Content starts

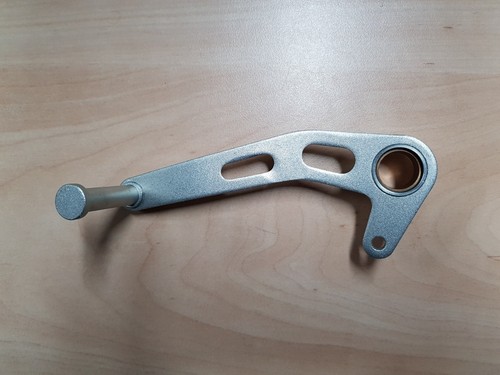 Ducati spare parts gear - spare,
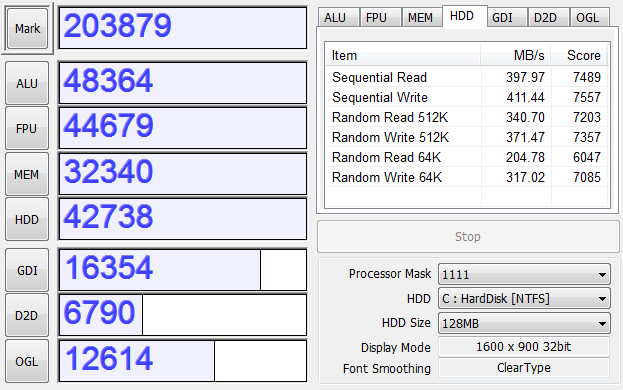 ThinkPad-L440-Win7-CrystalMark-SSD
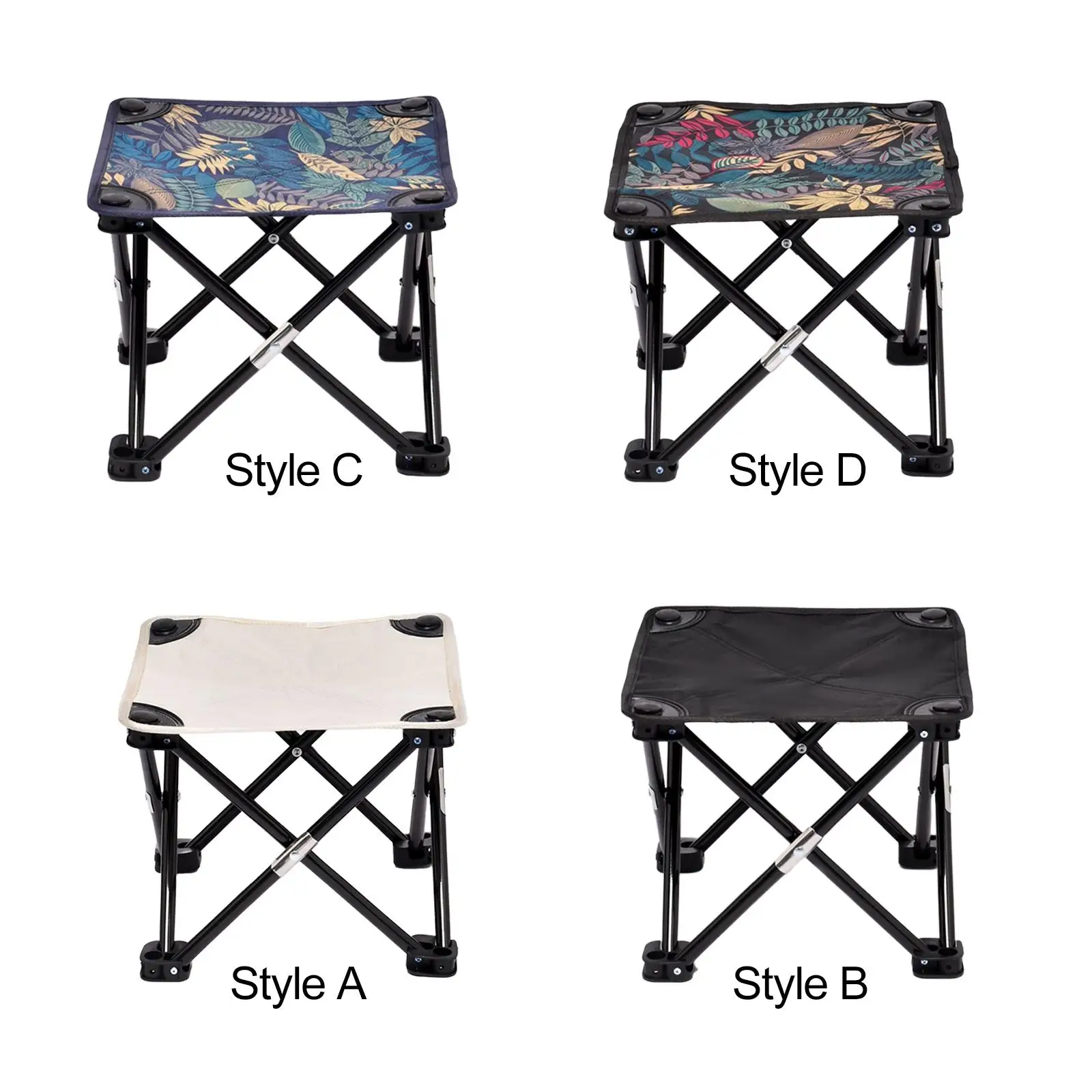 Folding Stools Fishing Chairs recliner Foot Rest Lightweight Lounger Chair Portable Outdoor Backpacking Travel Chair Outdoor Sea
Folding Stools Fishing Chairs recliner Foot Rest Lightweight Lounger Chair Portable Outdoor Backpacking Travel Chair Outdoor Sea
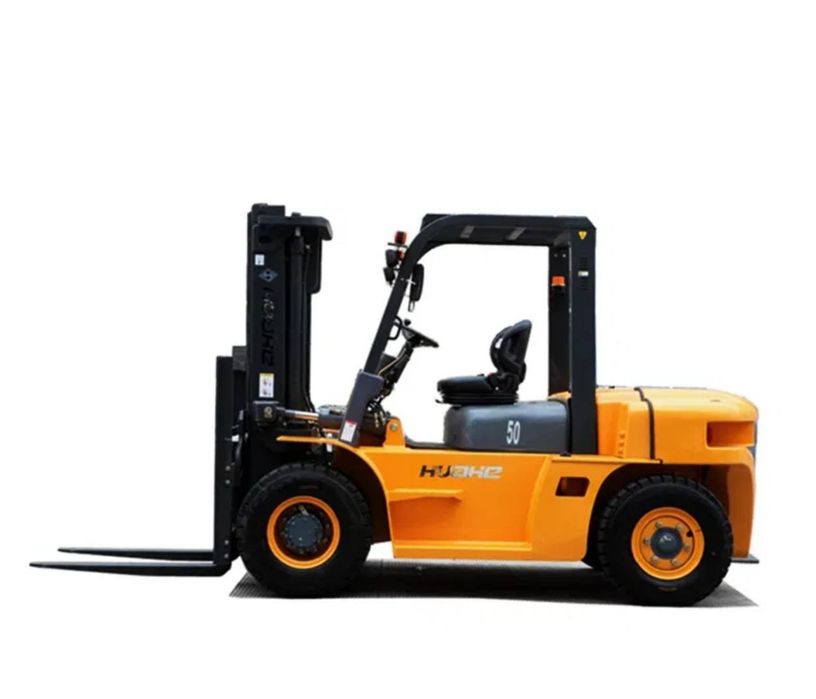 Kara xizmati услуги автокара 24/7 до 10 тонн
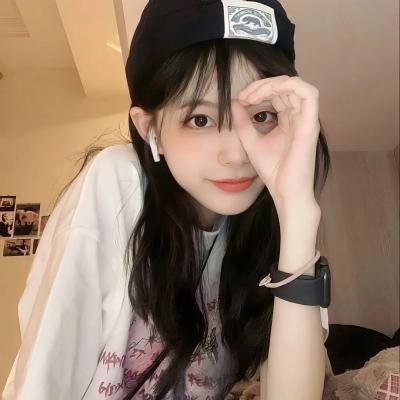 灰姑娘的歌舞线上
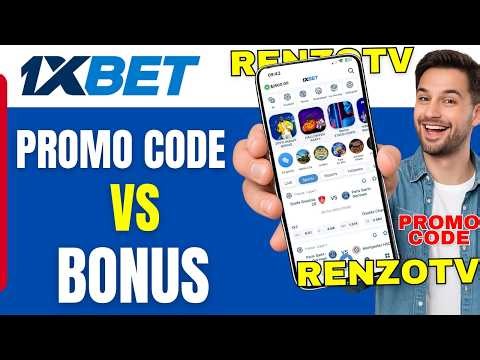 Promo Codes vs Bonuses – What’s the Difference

Content ends
Content starts

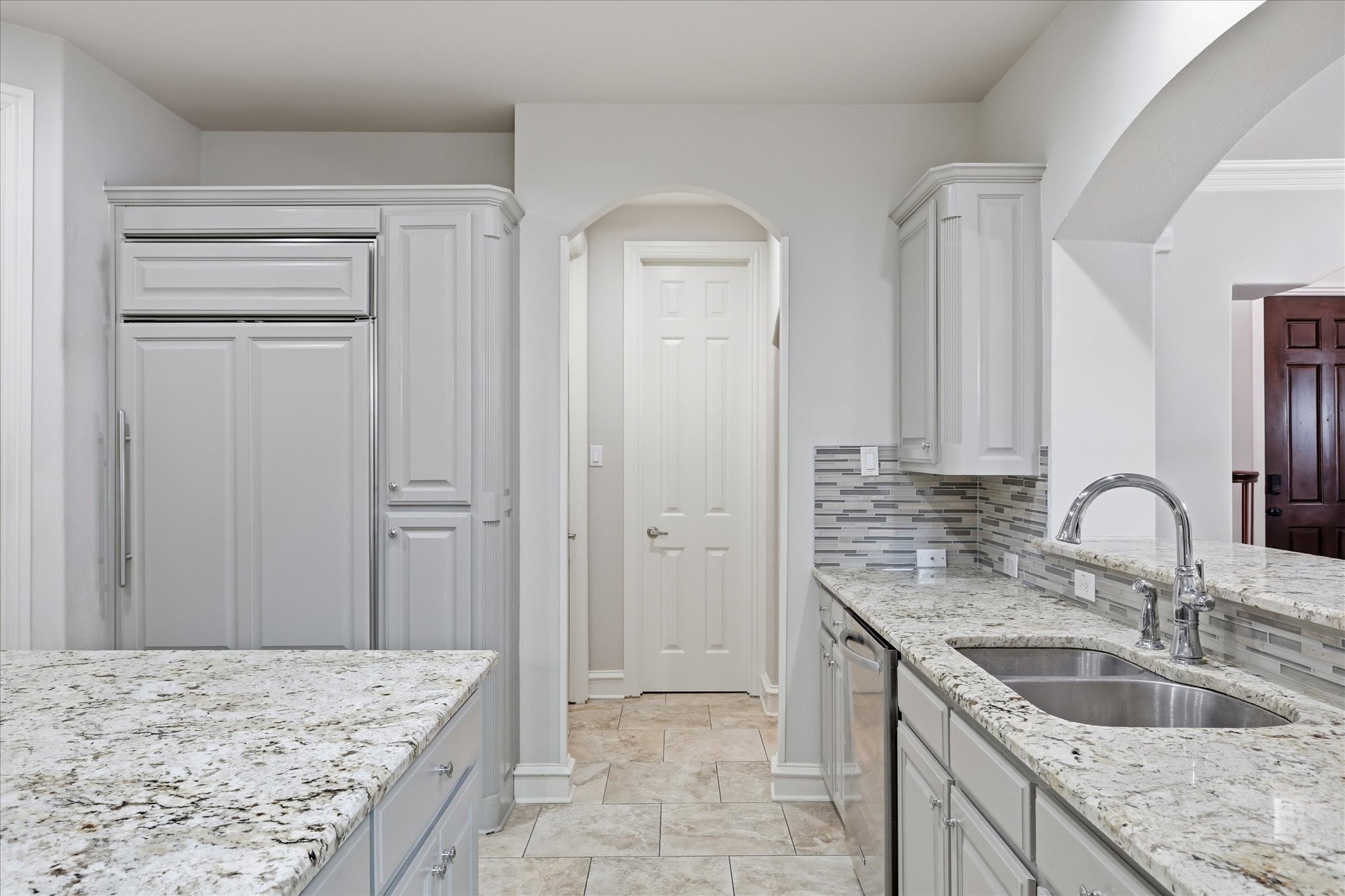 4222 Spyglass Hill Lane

Content ends
Content starts

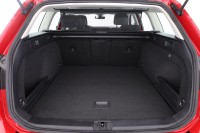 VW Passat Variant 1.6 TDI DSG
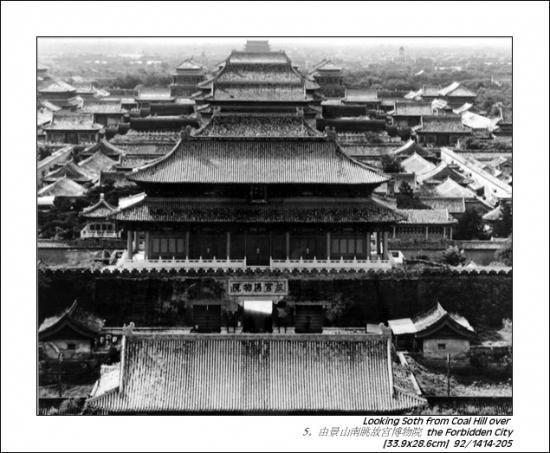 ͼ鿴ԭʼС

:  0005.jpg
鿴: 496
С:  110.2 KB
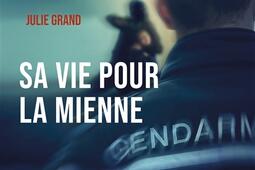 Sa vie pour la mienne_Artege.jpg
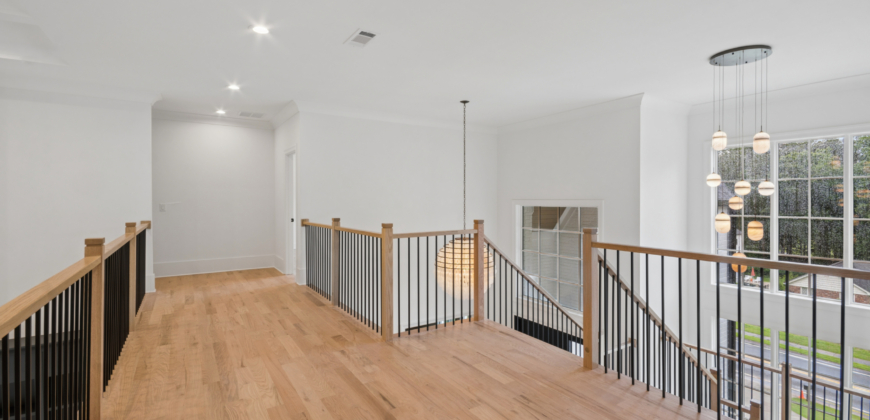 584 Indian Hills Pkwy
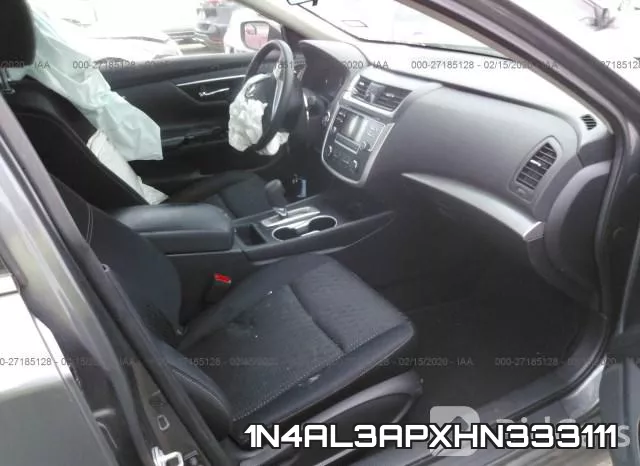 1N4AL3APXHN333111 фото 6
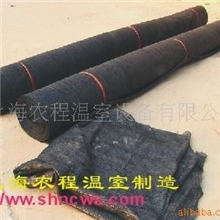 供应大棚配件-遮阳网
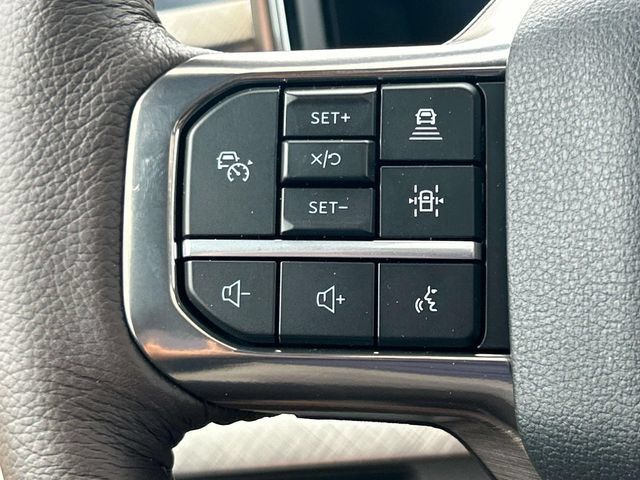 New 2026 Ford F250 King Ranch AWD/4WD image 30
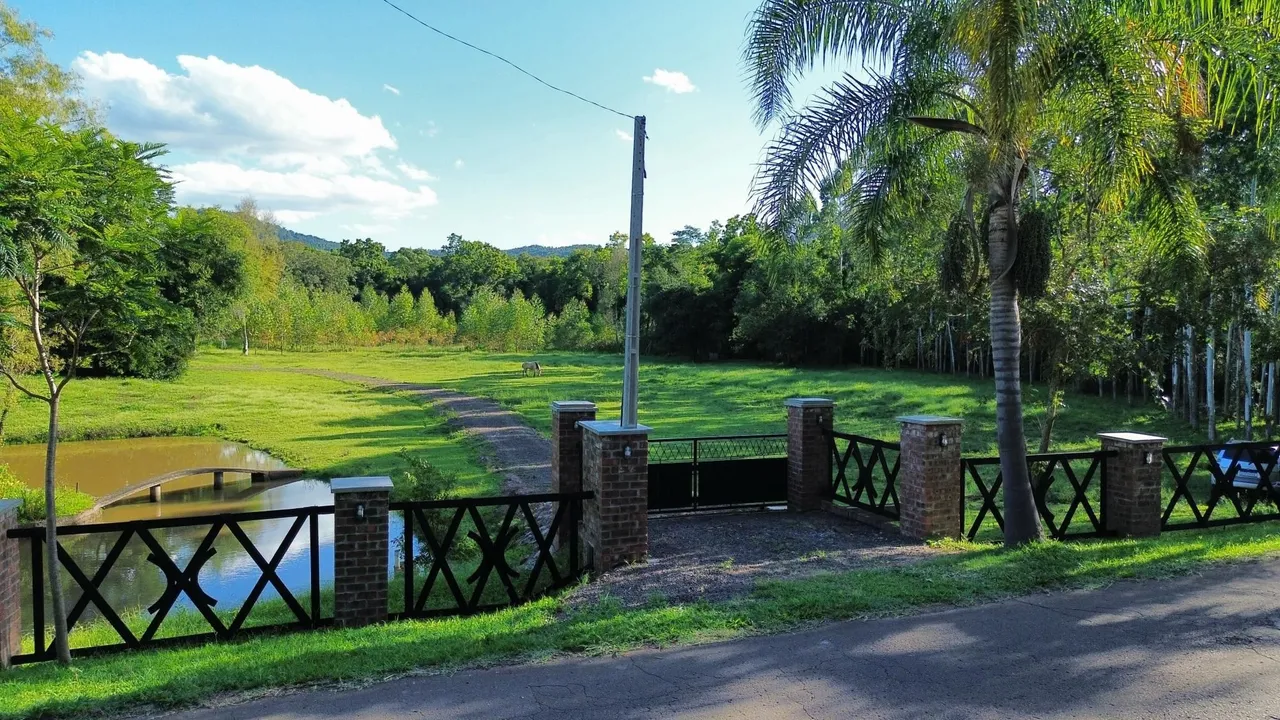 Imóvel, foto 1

Content ends

BRIEF ▸ Output exactly the stretch of the listing that begins at the line containing "Kara xizmati услуги автокара 24/7 до 10 тонн" and ends at the line containing "Promo Codes vs", both kept. Omit pictures and everything else.

TASK SOLUTION ▸
 Kara xizmati услуги автокара 24/7 до 10 тонн
 灰姑娘的歌舞线上
 Promo Codes vs Bonuses – What’s the Difference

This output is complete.